Ashes 2005: The Greatest Test Series

Published: 2005
Pages: 220
Author: Haigh, Gideon
Publisher: Aurum Press Ltd
Rating: 4 stars

Ashes 2005: The Greatest Test Series

I have put off reading this book for quite a while for two reasons.

Firstly, the book was only released in Australia in paperback form, and I really wanted a hardback edition.

Secondly, when my copy arrived from England, Gideon Haigh’s inscription really hit home that we (Australia) had actually lost the Ashes:

To Sean,
Happy days!!
Gideon HaighWell I think he should enjoy the moment…

Haigh, like fellow cricket writer David Frith, was born in England and raised in Australia.

Unlike Frith however, who remains impartial when the two countries clash for the Ashes, Haigh is an unabashed England supporter. Although he is not sure exactly why he ended up following the fortunes of the English cricket team, the fact that he also supports the Geelong Cats in Aussie Rules football means he has not had much to meow or roar about in recent history.

I remember reading an anecdote about the great cricket writer Robertson-Glasgow (which I could not locate to quote in this review much to my chagrin). On walking past a newsagent, Robertson-Glasgow saw the following billboards side by side: the first read “Read Robertson-Glasgow on cricket in the Times”. The second; “read the Guardian and find out what really happened in the Match”. The joke was that Robertson-Glasgow did not report on the match per se, but was much more interested in the characters and peripheral events taking place.

This very much reminds me of the way Gideon Haigh has written Ashes 2005. He does not give you a ball-by-ball account of each session – far from it. In fact, he dedicates on average less than three pages to each day’s play throughout the series. So if you have not watched the Tests you may struggle somewhat, although the full score cards of each Test is provided.

If you have already watched the 2005 Ashes series though, then this is the book for you.

This is Gideon Haigh at his cricket writing best, which equals cricket writing at its best. His pen portrait of Shane Warne is the best I have read on the great spin bowler, and that includes the four biographies I have perused.

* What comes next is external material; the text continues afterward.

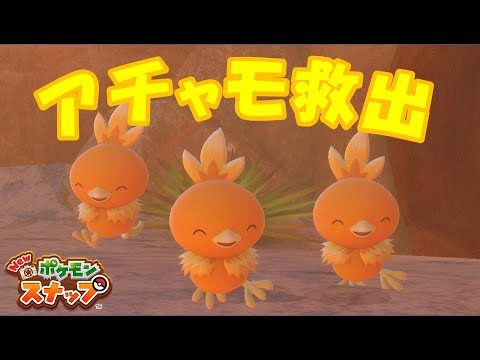 カラリ荒野のアチャモをバルジーナから救出【Newポケモンスナップ/ゆっくり実況】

There are also some great one-liners such as: “he may sometime forget he is married but Warne never forgets a wicket”. He criticises and praises seemingly without favour, and Jones’ keeping, Ponting’s captaincy and even Buchanan’s coaching all come in for criticism during the book.

He also writes off Jason Gillespie – “perhaps his last hope is to be written off by a newspaper columnist. Jason, you’re gone. I hope that helps”.

The author covers none of the lead-up ODI matches, concentrating on the main event, and has more anecdotes than a sportsman’s night featuring Trueman, Walters, O’Keefe and Tufnell on the same card.

A great read – don’t miss Ashes 2005.

In Australia, the book is titled A Fair Field and No Favour, and is published by Scribe.